SUPPLIED RECORDS
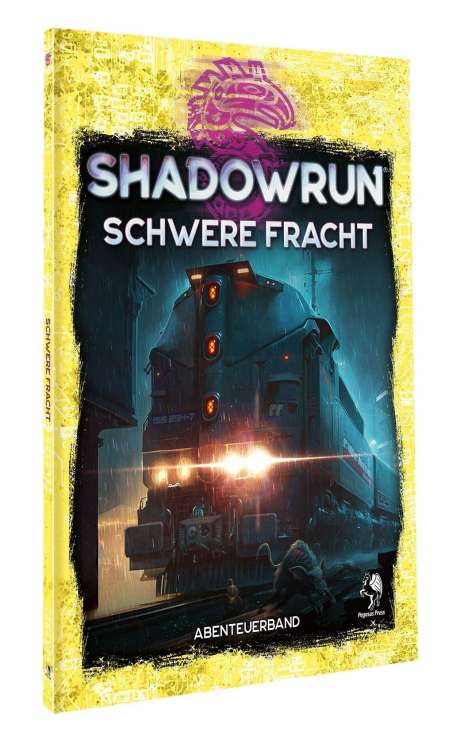 Shadowrun: Schwere Fracht (Softcover), Buch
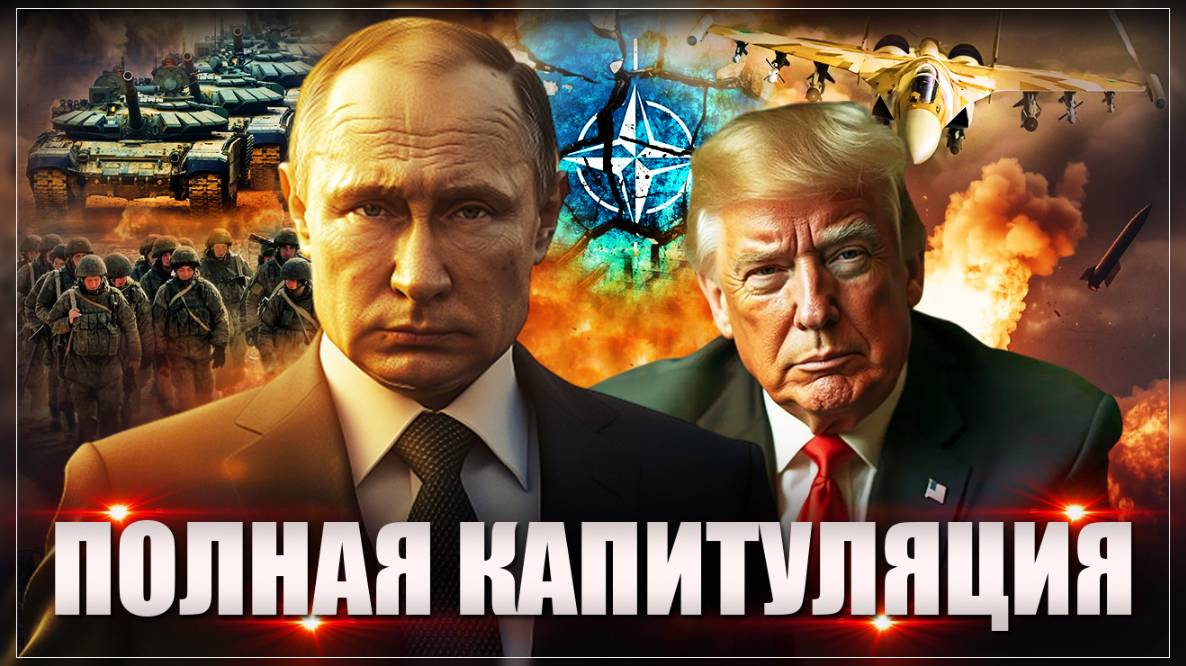 Россия и США всё решили: Европа в панике. Трамп отказался воевать с Путиным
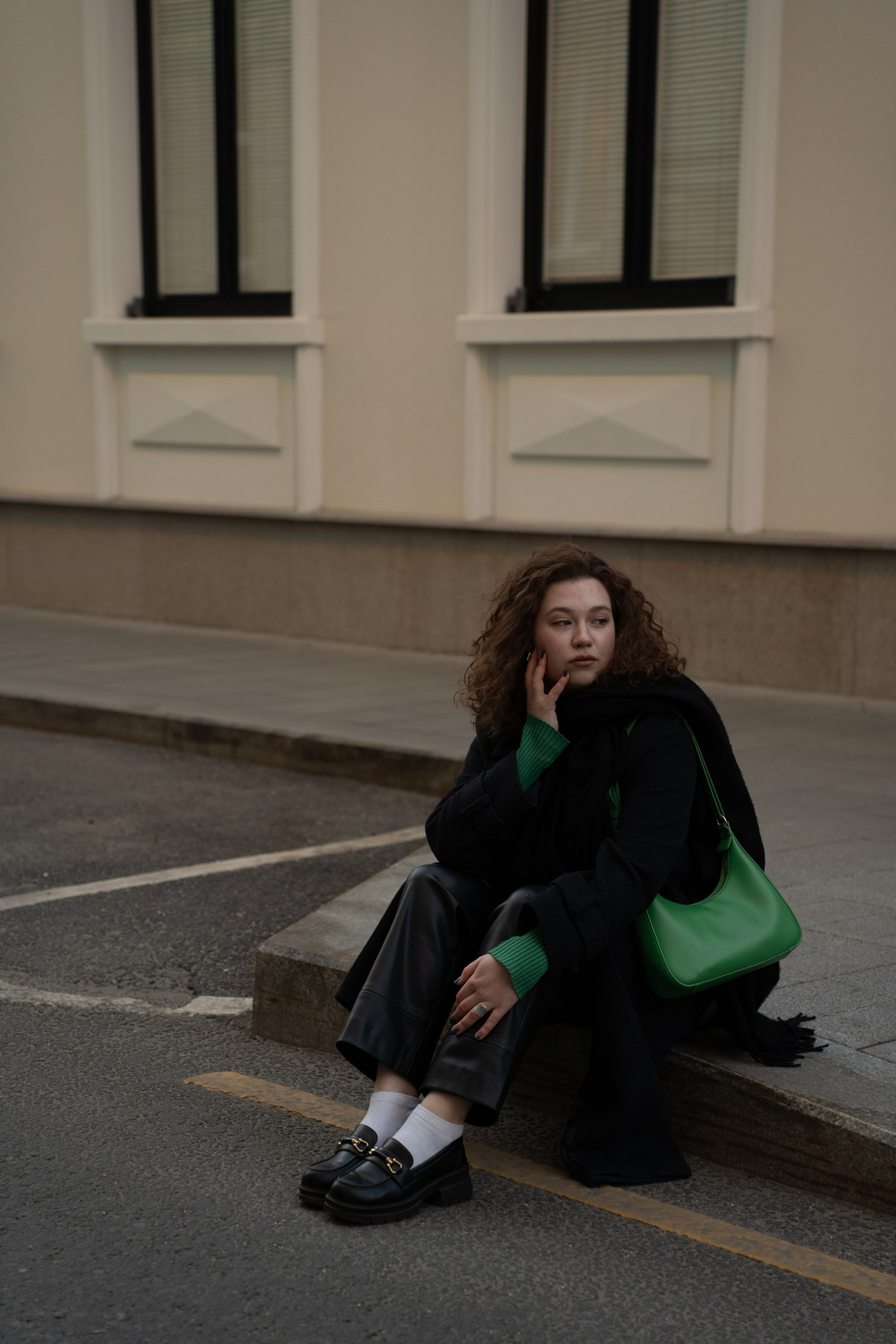 Прогулочная портретная фотосессия. Фотограф в Москве Екатерина Дмитриева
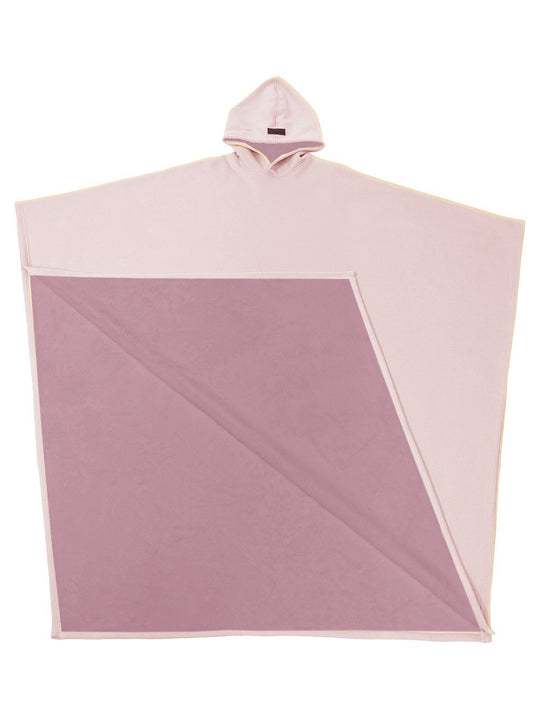 Unisex nan Kapuzen-Poncho Kuscheldecke mit weichem Futter und großzügigem Oversize-Schnitt EB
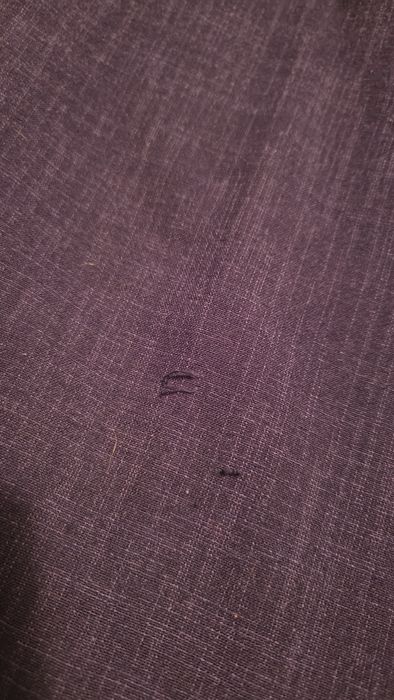 Pantaloni bleumarin, de in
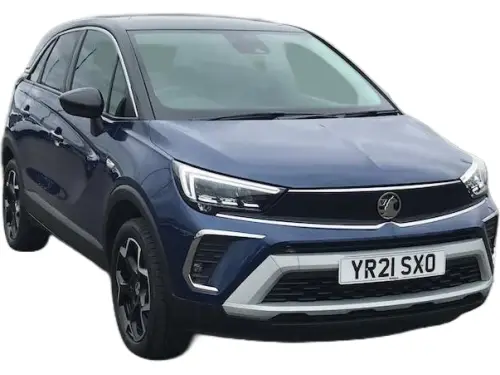Vauxhall Crossland Elite Turbo YR21 SXO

WHAT IS NEEDED
I would like you to set down the lines above, from the one containing "Unisex nan Kapuzen-Poncho" to the final line, exactly as written and without pictures.

RESULT OF THE TASK
 Unisex nan Kapuzen-Poncho Kuscheldecke mit weichem Futter und großzügigem Oversize-Schnitt EB
 Pantaloni bleumarin, de in
Vauxhall Crossland Elite Turbo YR21 SXO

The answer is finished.